Pages

Thursday, January 19, 2012

curhat tentang menakar cinta


hari ini 20 menit yang lalu, kisah cinta saya berakhir dengan tanpa adanya kata putus, dia hanya mengatakan bahwa “semoga kamu mendapatkan yang terbaik”. Bagi saya itu sudah merupakan sebuah penegasan bahwa dia menginginkan berakhirnya hubungan ini. Sebenarnya kata “putus” memang bukanlah sebuah kata sakti yang mengindikasikan bahwa telah berakhirnya hubungan cinta yang pernah dibangun oleh dua orang yang pernah saling mencintai. Kenapa saya mengatakan “pernah” karena bisa saja ketika seseorang mengujarkan pernyataan seperti yang ter-italic di atas, sudah tidak tersisa sedikit cinta lagi dihatinya. Bukankah cinta harus diperjuangkan? Seperti apapun misalnya kondisinya. Tapi sudahlah disini saya tidak akan berbagi soal apakah dia masih mencintai saya atau tidak. Sesungguhnya yang ingin saya tekankan disini adalah kata “putus” tadi. Kata-kata itu terasa begitu menyesakkan dada, diucapkan atau tidak kata itu terasa seperti menjadi bara bagi seseorang yang masih mencintai kekasihnya sepenuh hati seperti yang saya rasakan saat ini. Cinta yang begitu susah payah saya bangun selama berbulan-bulan akhirnya berakhir hanya dengan sebuah alasan yang tidak cukup rasional untuk ukuran peradaban hari ini. Kadar dari cinta itulah yang menjadi persoalannya…
            Elegi ini berawal dari ketakutan-ketakutan kekasih saya(dia akan tetap menjadi kekasih di dalam hati saya) mengenai kadar cinta yang saya miliki terhadapnya. Seringkali dia mempertanyakan posisinya dihati saya, pun seberapa besar saya mencintainya.
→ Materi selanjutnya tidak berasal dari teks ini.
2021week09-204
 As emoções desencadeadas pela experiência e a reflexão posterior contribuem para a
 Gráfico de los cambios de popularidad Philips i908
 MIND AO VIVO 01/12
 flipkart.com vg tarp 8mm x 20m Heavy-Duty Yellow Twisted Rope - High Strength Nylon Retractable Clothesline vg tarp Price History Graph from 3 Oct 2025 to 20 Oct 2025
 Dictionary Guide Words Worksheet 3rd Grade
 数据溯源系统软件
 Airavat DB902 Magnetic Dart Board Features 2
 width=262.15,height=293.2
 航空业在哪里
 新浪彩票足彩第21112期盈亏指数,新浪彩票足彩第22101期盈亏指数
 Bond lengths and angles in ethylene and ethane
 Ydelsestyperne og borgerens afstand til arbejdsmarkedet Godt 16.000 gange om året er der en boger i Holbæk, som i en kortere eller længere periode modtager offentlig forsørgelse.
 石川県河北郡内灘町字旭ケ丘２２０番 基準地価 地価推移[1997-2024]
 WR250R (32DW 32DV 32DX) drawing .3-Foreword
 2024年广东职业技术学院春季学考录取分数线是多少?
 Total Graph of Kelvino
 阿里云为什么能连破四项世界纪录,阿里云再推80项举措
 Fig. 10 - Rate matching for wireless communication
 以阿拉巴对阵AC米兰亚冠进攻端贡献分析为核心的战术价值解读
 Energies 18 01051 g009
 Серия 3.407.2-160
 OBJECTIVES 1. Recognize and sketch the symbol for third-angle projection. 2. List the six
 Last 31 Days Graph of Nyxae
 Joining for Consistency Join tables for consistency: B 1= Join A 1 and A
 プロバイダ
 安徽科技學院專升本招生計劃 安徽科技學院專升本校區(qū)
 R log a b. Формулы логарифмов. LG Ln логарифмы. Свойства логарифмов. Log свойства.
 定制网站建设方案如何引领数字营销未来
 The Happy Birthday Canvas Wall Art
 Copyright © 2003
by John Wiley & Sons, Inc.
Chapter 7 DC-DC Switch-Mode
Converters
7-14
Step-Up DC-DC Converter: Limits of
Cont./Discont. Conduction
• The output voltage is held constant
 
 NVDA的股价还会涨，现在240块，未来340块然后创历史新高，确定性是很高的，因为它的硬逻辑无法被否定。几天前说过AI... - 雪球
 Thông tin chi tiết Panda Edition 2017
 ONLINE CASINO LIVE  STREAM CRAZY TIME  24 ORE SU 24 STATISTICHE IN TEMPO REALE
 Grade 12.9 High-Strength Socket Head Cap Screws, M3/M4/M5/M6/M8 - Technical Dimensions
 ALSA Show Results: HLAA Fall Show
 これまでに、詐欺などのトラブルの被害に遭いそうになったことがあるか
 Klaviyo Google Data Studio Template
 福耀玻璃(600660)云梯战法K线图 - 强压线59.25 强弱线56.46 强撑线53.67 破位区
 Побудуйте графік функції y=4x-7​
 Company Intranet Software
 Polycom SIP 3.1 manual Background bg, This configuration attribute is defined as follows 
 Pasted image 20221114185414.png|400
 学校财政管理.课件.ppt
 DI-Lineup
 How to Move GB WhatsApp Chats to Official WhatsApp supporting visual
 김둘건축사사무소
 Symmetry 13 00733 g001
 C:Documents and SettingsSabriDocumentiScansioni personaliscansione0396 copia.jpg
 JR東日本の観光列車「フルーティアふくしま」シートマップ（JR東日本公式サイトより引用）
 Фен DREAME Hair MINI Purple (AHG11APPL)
Alasan ini coba dihadirkan olehnya demi menggugat kapasitas cinta yang saya miliki. Dia merasa bahwa selama ini cinta yang saya berikan tidaklah cukup mewakilkan arti cinta yang sebenarnya yang ada di dalam imajinasinya. Ketika kita akan selalu ada untuk orang yang kita cintai dan ketika berkorban menjadi satu-satunya parameter untuk meretas takaran cinta kita….
Tentunya dalam hal ini dia tidak sepenuhnya salah apabila memang kondisinya memungkinkan, walaupun saya pikir ini tidak seluruhnya logis ketika berkorban menjadi acuan di dalam menguraikan arti cinta yang sebenarnya. Tetapi ini situasinya berbeda, kita menjalin cinta jarak jauh. Bagaimana mungkin saya akan selalu ada untuknya sementara kita dipisahkan oleh jarak yang jauhnya ribuan kilometer. Pastinya jika ingin sepenuhnya adil, pula saya bisa memprotes kepadanya mengapa bukan dia yang harus selalu ada untuk saya. Bukankah konsep bekorban tidak hanya menjadi milik salah satu pihak? Tetapi tidak, disini saya bukan sedang mencoba mencari pembenaran-pembenaran, dan saya pikir itu juga merupakan wujud dari berkorbannya saya, saat tidak pernah mempertanyakan hal ini kepadanya.
            Ketika saya menulis curhat ini, pikiran saya dijejali oleh berbagai pertanyaan-pertanyaan yang terasa tidak mampu saya pecahkan sendiri. Apa arti dari cinta yang sebenarnya (dan bukan definisi cinta dari pujangga amatir dan karbitan)?, Bagaimanakah menakar cinta? dan Seperti apa sesungguhnya berkorban untuk cinta?. Tiga pertanyaan ini cukup mengusik saya untuk lebih bisa memahami hakikat dari cinta yang sesungguhnya, karena saya merasa bahwa selama ini saya telah melakukan yang terbaik untuk cinta dan sekiranya itu tidak cukup bagi sebahagian orang, sekali lagi saya bertanya Alasannya apa? Serta, Adakah sesuatu yang belum saya lakukan untuk cinta?
            Saya sangat mencintainya, saya tau pasti itu, saya mencintainya dengan cara saya sendiri. Saya tidak perlu mengutip karya sastra hanya untuk sekedar mengetahui bagaimana seharusnya mencintai seseorang, juga saya tidak butuh mencontohi formula orang-orang sekitar tentang bagaimana cara mencintai mereka. Saya memiliki cara sendiri untuk mencintai seseorang.  Tidakkah setiap orang berbeda? Kenapa dia tidak juga bisa mengerti soal itu? mengapa dia selalu menuntut lebih, sementara yang dapat saya berikan hanya itu…
Wah… pertanyaan lagi.. Apakah memang cinta selalu menghadirkan pertanyaan-pertanyaan? Bukankah “cinta” itu sendiri telah menjadi jawaban atas pertanyaan, mengapa kita harus mencintai yang jawabannya karena ada “cinta” di hati kita, yang mesti kita bagi untuk orang lain. Sedikit hipotesa saya tentang hal ini bahwa cinta yang dimiliki oleh setiap orang berupa penggalan. Penggalan ini berusaha menyempurnakan bentuknya dengan mencari penggalan lainnya yang paling tepat dan link untuknya agar dapat berbentuk utuh sebagaimana mestinya..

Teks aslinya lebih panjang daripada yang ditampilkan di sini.